Net sales and operating income in each of the company’s product categories were negatively impacted by the strength of the U.S. dollar in relation to most currencies.
- Skin care net sales decreased, with sales driven by products such as Advanced Night Repair Eye Synchronized Complex II and Re-Nutriv Ultimate Diamond products, as well as the Clinique Smart custom-repair serum and the Clinique Sonic System Purifying Cleansing Brush. Origins and La Mer also played a positive role.
- Makeup sales grew primarily due to strong growth from new launches and expanded distribution for the company’s makeup artist brands and the recent launch of Beyond Perfecting foundation and concealer from Clinique. Sales in the category also reflect strong double-digit growth from Smashbox and the Tom Ford line of cosmetics.
- Fragrance sales decreased due to the negative impact of foreign currency translation and lower sales of certain designer Estée Lauder and Clinique fragrances. Michael Kors and luxury brands Jo Malone London and Tom Ford recorded strong double-digit sales gains as a result of new product launches and expanded distribution.

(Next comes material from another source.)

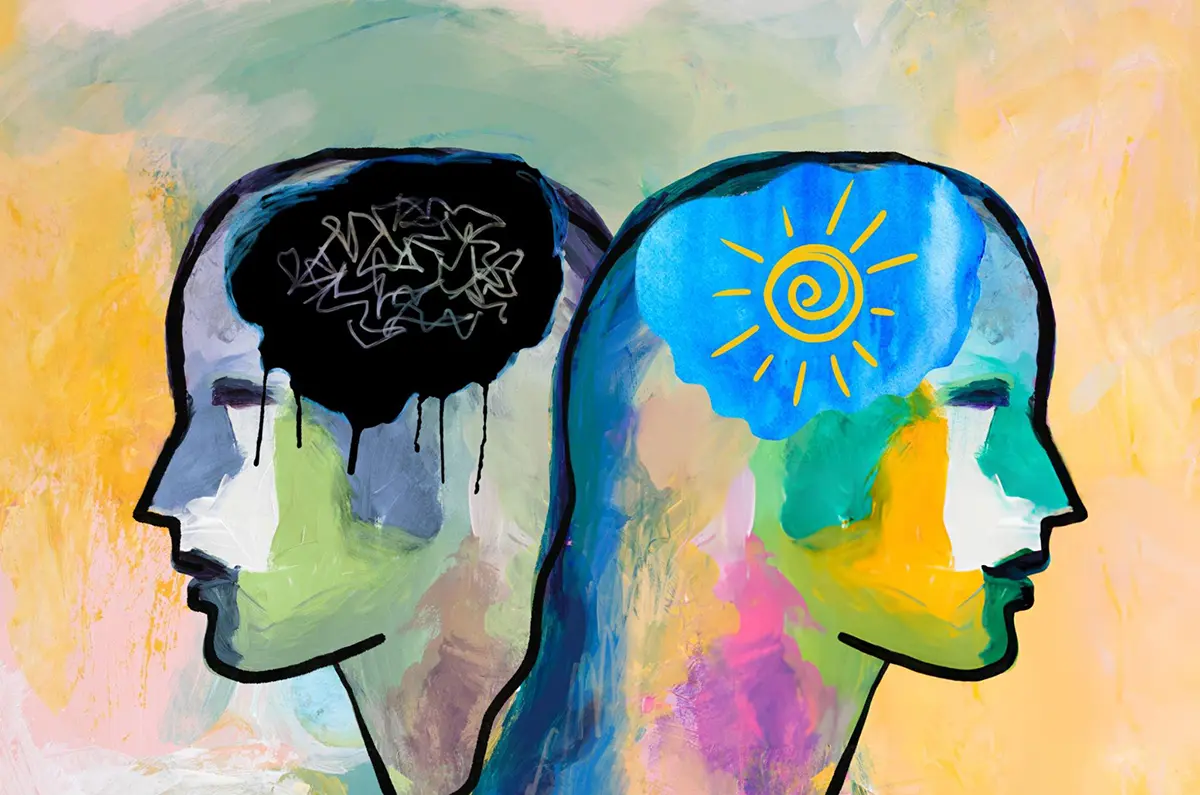 Colourful minds depicting mental health states.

- The hair care category’s growth benefited from expanded global distribution, primarily in salons and freestanding stores for Aveda and from specialty-multi brand retailers and salons for Bumble and bumble. Hair care net sales growth also reflects the recent launches of Smooth Infusion Naturally Straight by Aveda and the expansion of Bumble and bumble’s Hairdresser’s Invisible Oil line of products. Hair care operating income decreased, primarily reflecting higher investment spending to support new product launches and freestanding store expansion.